North American stock indexes staged a sharp turnaround Monday after President Trump suggested the war with Iran could be nearing its end, easing investor fears and lifting major benchmarks into positive territory. 

Markets Snap Back Into the Green

  • U.S. markets recovered from steep early losses, with the Nasdaq Composite climbing over 1.5%, leading the rebound.
  • The Dow Jones Industrial Average jumped 0.7%, reversing a drop of more than 800 points earlier in the session.
  • The S&P 500 gained 0.9%, also turning positive by afternoon trading. 

Oil Prices Ease After Surging

Crude oil, which had earlier spiked above $100 per barrel amid conflict-driven supply fears, pulled back following Trump’s remarks that the U.S. was “very far” ahead of its 4–5 week timeline for ending the war.

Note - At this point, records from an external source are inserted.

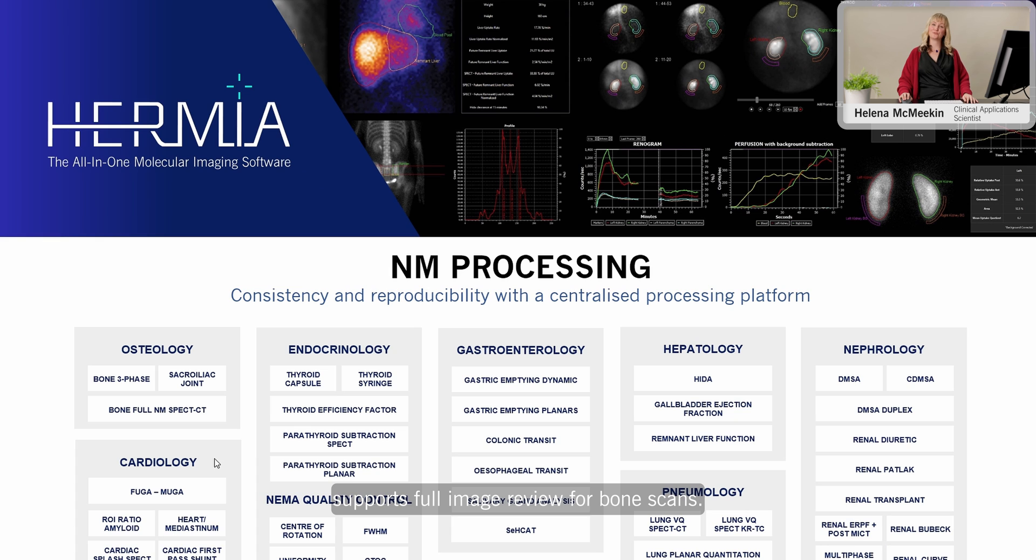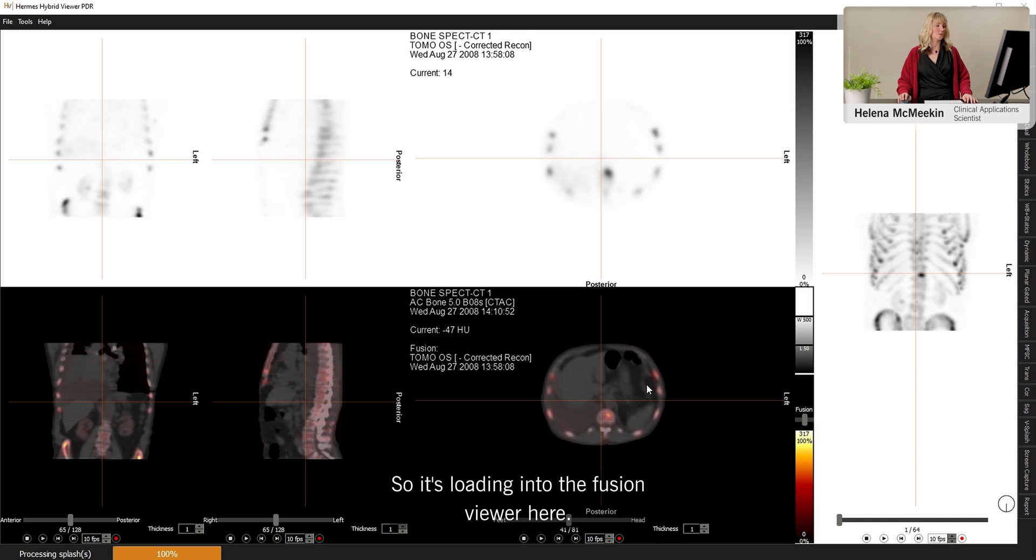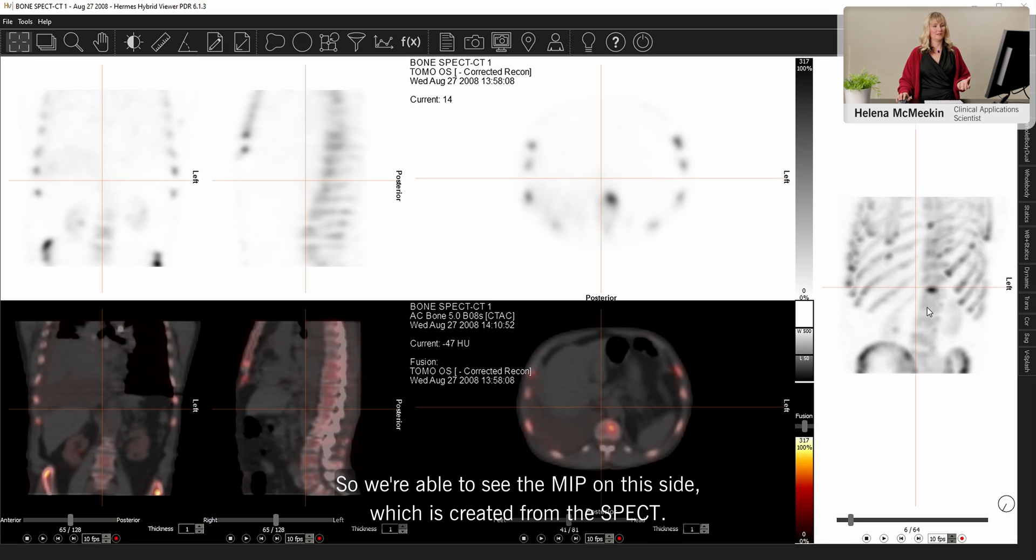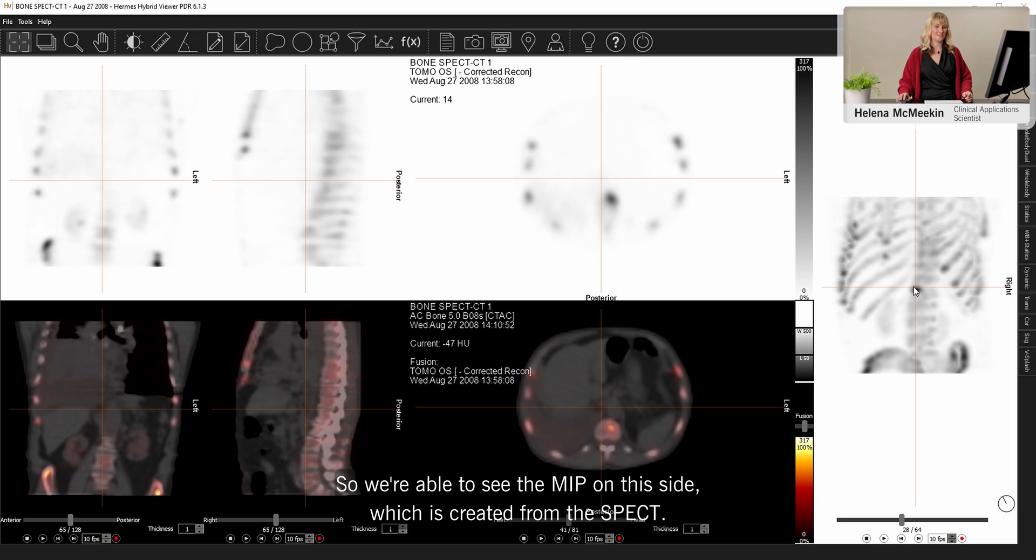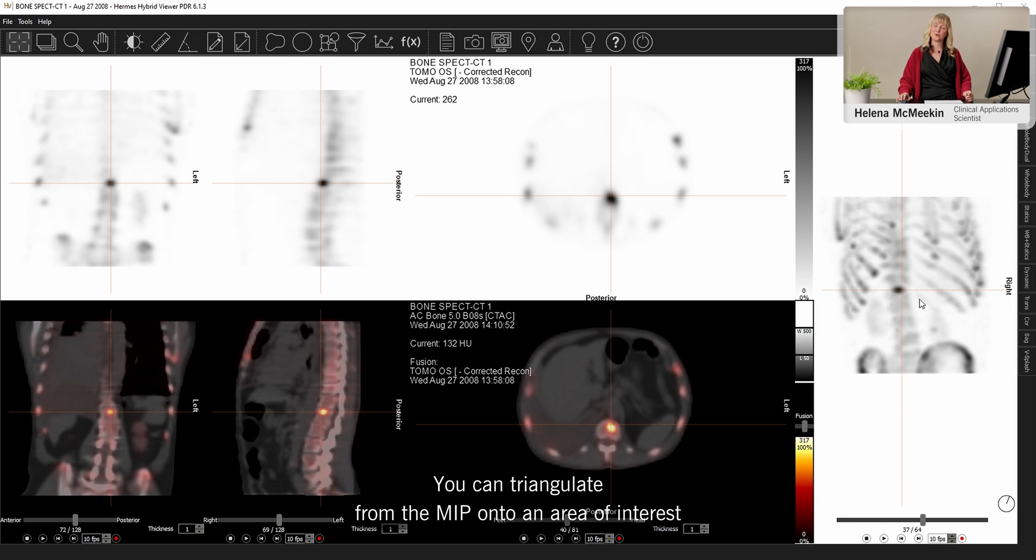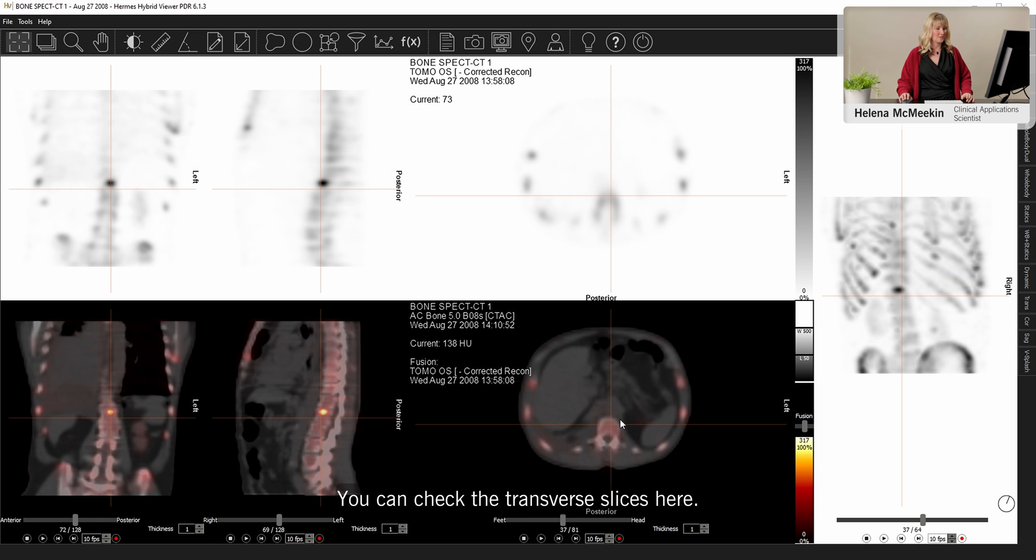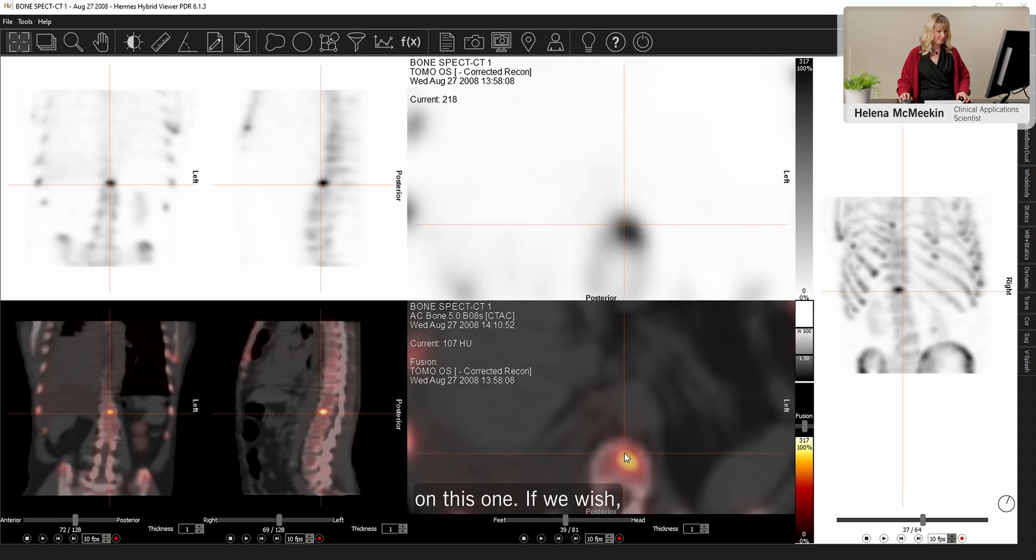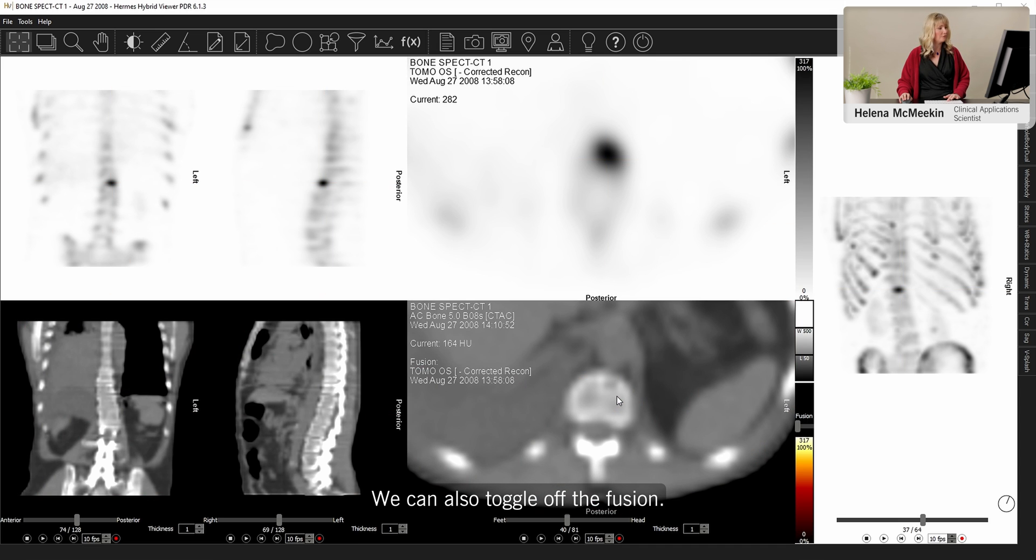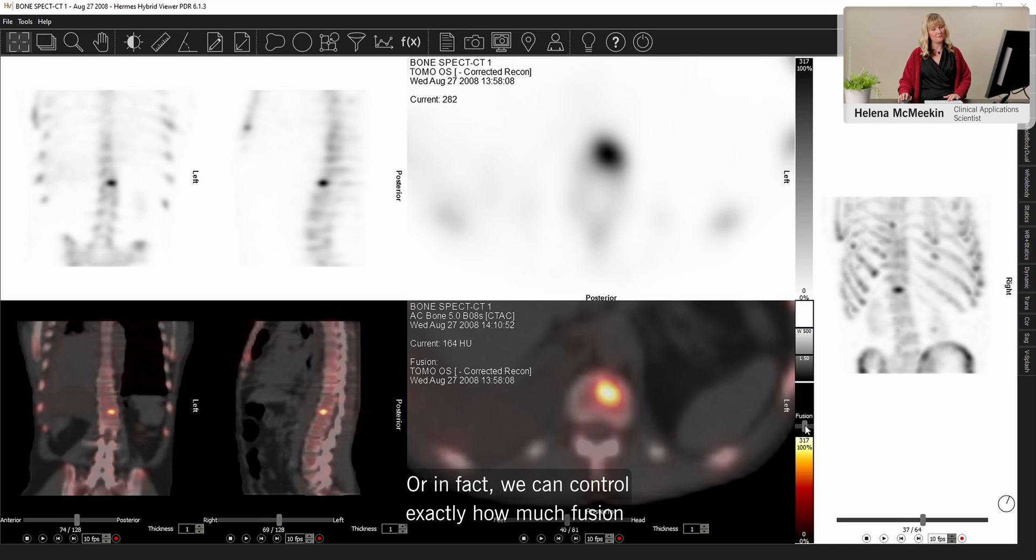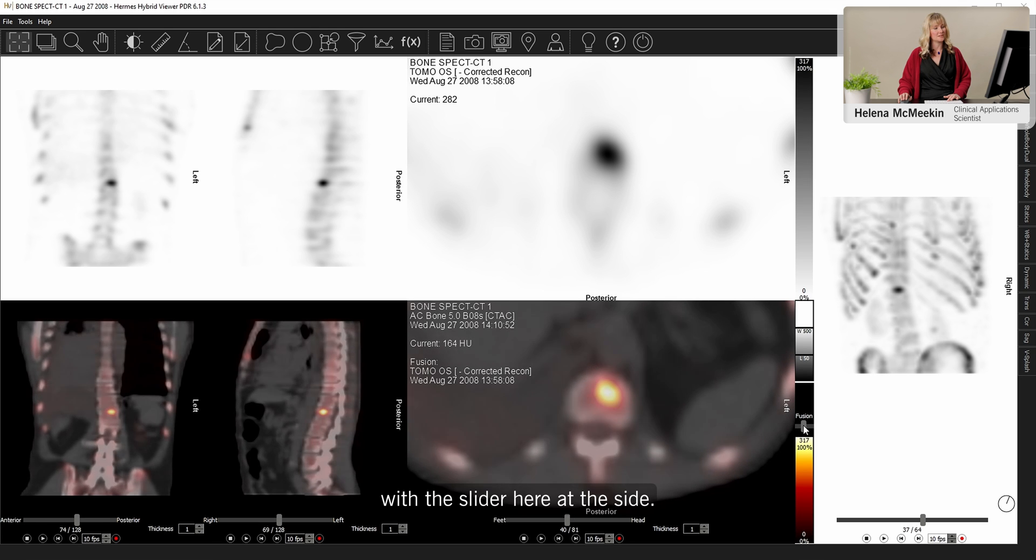Hermia also supports full image review for bone scans. Let's take a look at this case. So it's loading into the fusion viewer here. So we're able to see the MIP on this side, which is created from the SPECT. You can triangulate from the MIP onto an area of interest and that triangulation point is then maintained on these slices. You can check the transverse slices here. Zoom in on this one. If we wish, we can hide the cursor. We can also toggle off the fusion. So if we want to take a look at the CT underneath, it's very easy to do that. Or in fact, we can control exactly how much fusion with this slider at the side here.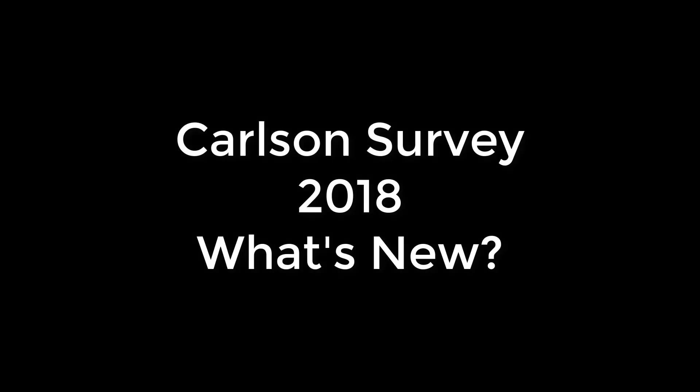Hi, this is Doug Auberg from Carlson Software. In this video, I'm going to highlight a few new features contained in Carlson Survey 2018. There are about 200 new features altogether, so I'm just going to show you a few that I find particularly useful and that I enjoy using.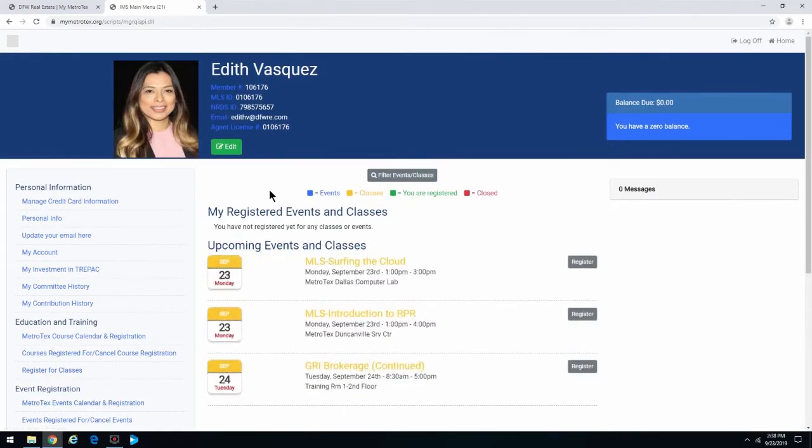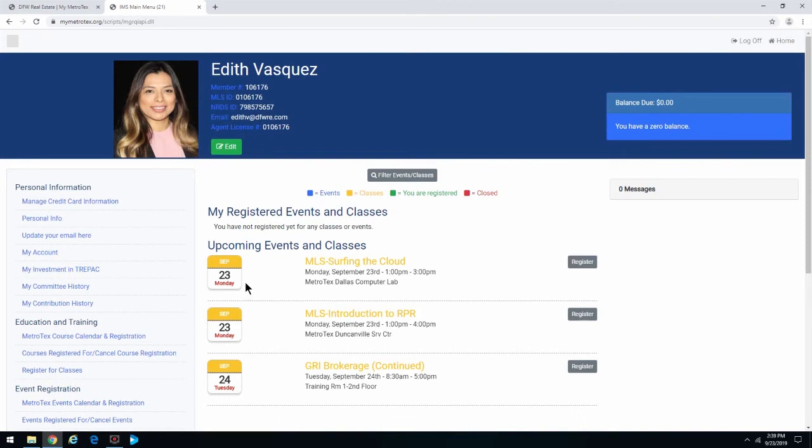Here you can set up your profile with a picture, write a personal biography, register for classes and events, update your information, and manage your billing.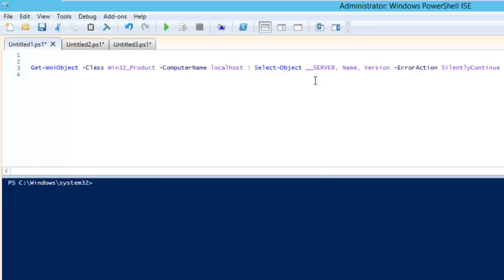Right now I only require the server name which will populate here, the name of the product, and the version. We can also add a parameter which is -ErrorAction SilentlyContinue. This is for when you have multiple servers and if any server is not reachable, there is a possibility that your command will fail.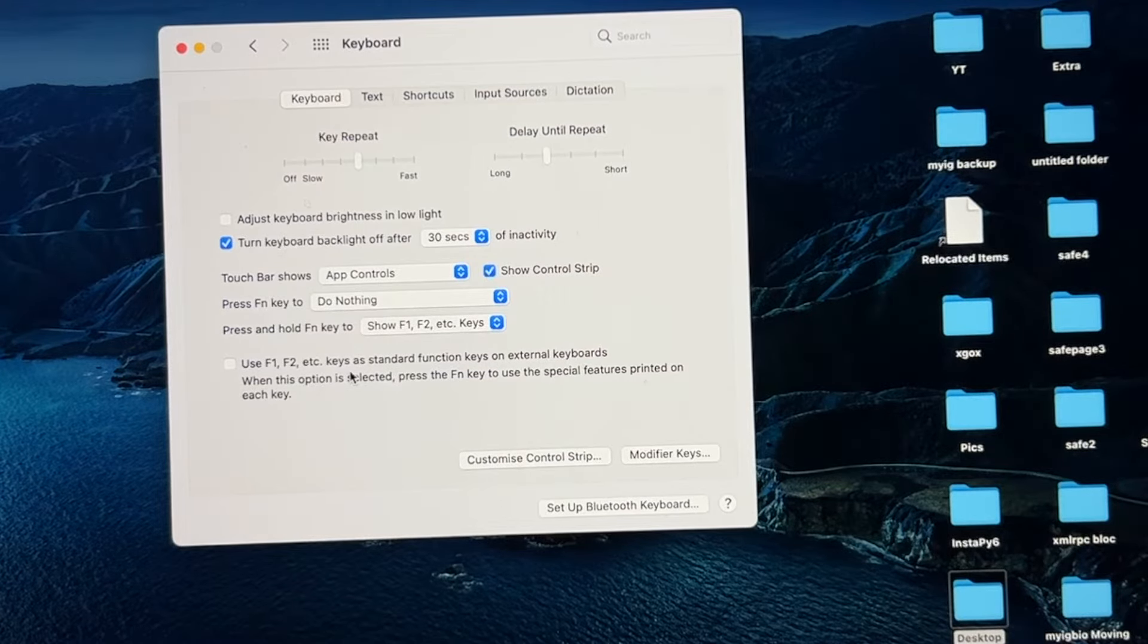Since the surrounding is too bright here, I will turn off the room lights so you can notice the difference. Now I am able to adjust the brightness of keyboard backlit.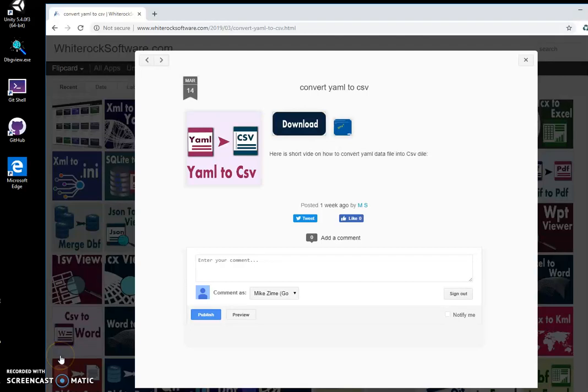Hi! In this video I'll show you how to convert YAML to CSV file with an app I have created. This is my website, I will leave the link in the description.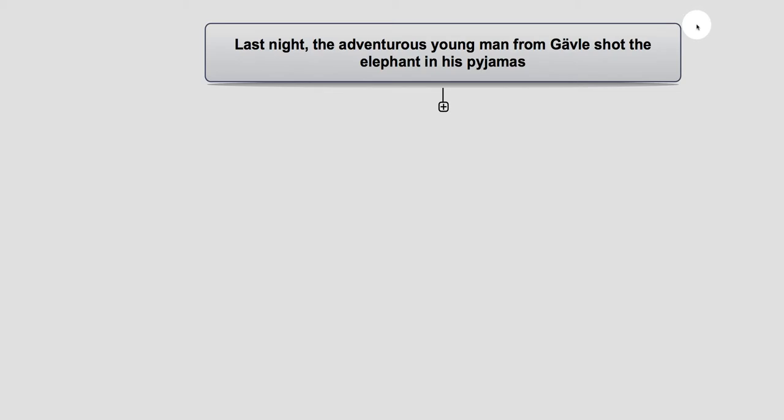Last night the adventurous young man from Gävle shot the elephant in his pyjamas. This is an ambiguous sentence. Where is in fact the elephant? In the young man's pyjamas, or is it the elephant that's wearing pyjamas?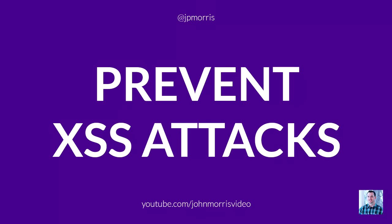Hey there, John Morris here with JohnMorrisOnline.com and welcome to another episode of John Morris Show.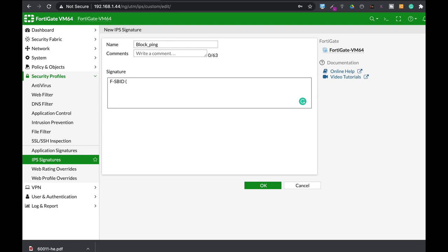The very first keyword, which is not an option you have to enter, is the name. So you use double dash name and let's name our signature block ping. When you finish with a keyword, you use a semicolon. Again, double dash and let's use protocol, and our protocol is actually ICMP, semicolon.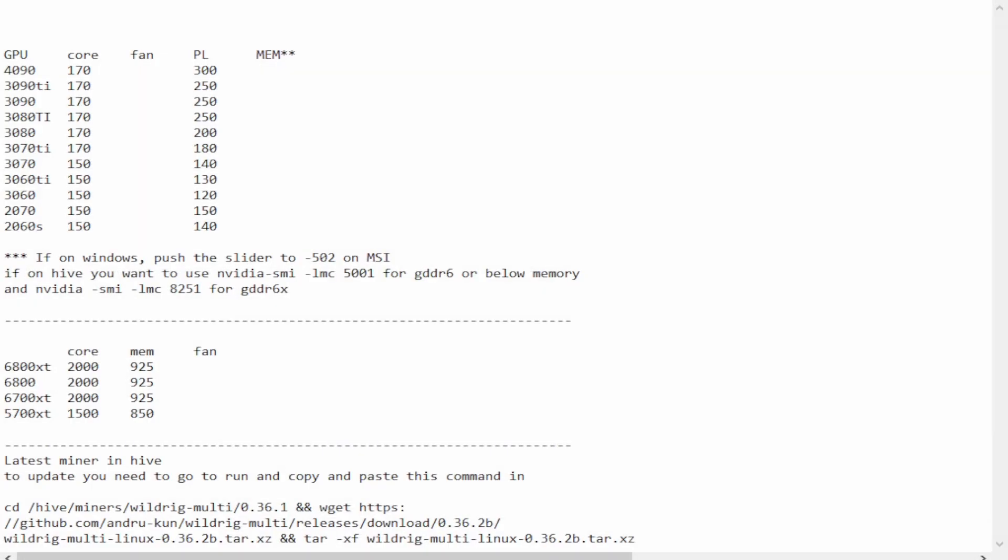Now, as far as AMD goes, I do not mess with a lot of the different overclock settings in Hive. I've had bad luck. I haven't wanted to spend the time. I just, I don't think it's worth it to me, especially since you don't really save that much. So, for big Navi, for any of the 6000 series, 6700 XT and above, 2000 core, 925 on the memory will work just fine. And then, for the 5700 XT, 1500 on the core, 850 on the memory. Now, it took me a long time to get those 5700 XTs stable, so your results might be different than mine, but that's what I found that works, and I have no desire to mess with it any further.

Canadian Markets Follow the Uptrend

Canada’s TSX Composite Index rose 0.32%, supported by gains in major energy names such as Suncor and Canadian Natural Resources. 

What’s Driving the Optimism?

Investors reacted swiftly to Trump’s comments hinting at a potentially quicker resolution to the Iran conflict, a development that could stabilize energy markets and ease inflation concerns. The shift in tone helped restore confidence after days of volatility driven by soaring oil prices and geopolitical uncertainty.